Data records
^^^^^^^^

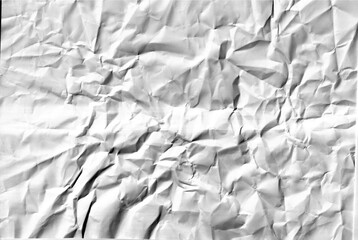 Obraz premium Crumpled white paper sheet texture with dark shadows and folds forming abstract pattern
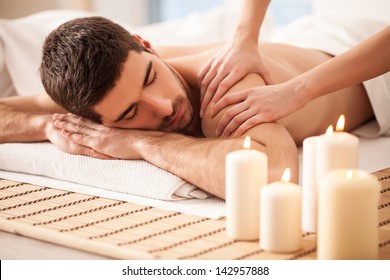 Young man enjoying a massage.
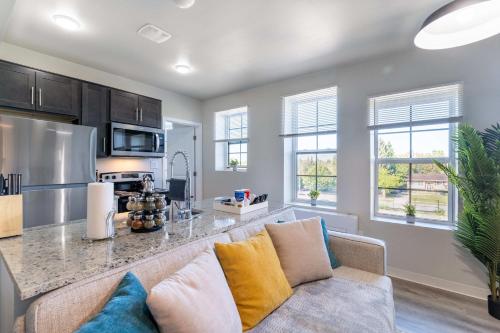 a living room with a couch and a kitchen at 2BR Exclusive Retreat Near Henry Ford in Detroit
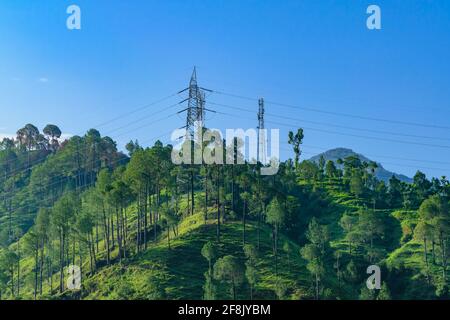 Transmission tower or pylon a steel lattice tower support overhead power line. Electricity transmission in mountain regions through complicated geogra Stock Photo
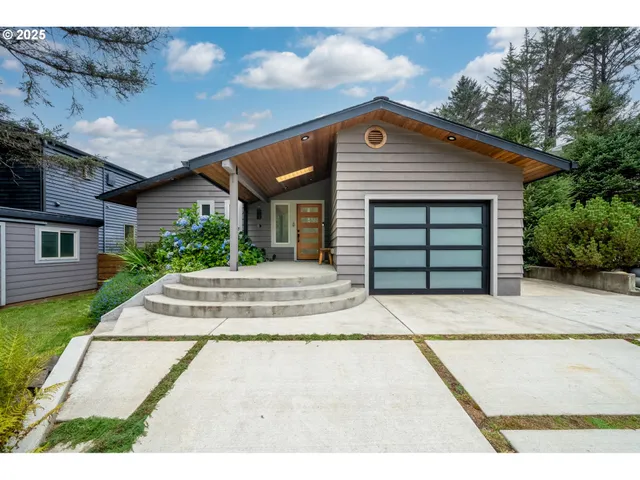 a front view of a house with a garden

^^^^^^^^

- **Exercise directions**: Word for word, write out each of the records, but not the pictures.

- **Solved problem**:
 Obraz premium Crumpled white paper sheet texture with dark shadows and folds forming abstract pattern
 Young man enjoying a massage.
 a living room with a couch and a kitchen at 2BR Exclusive Retreat Near Henry Ford in Detroit
 Transmission tower or pylon a steel lattice tower support overhead power line. Electricity transmission in mountain regions through complicated geogra Stock Photo
 a front view of a house with a garden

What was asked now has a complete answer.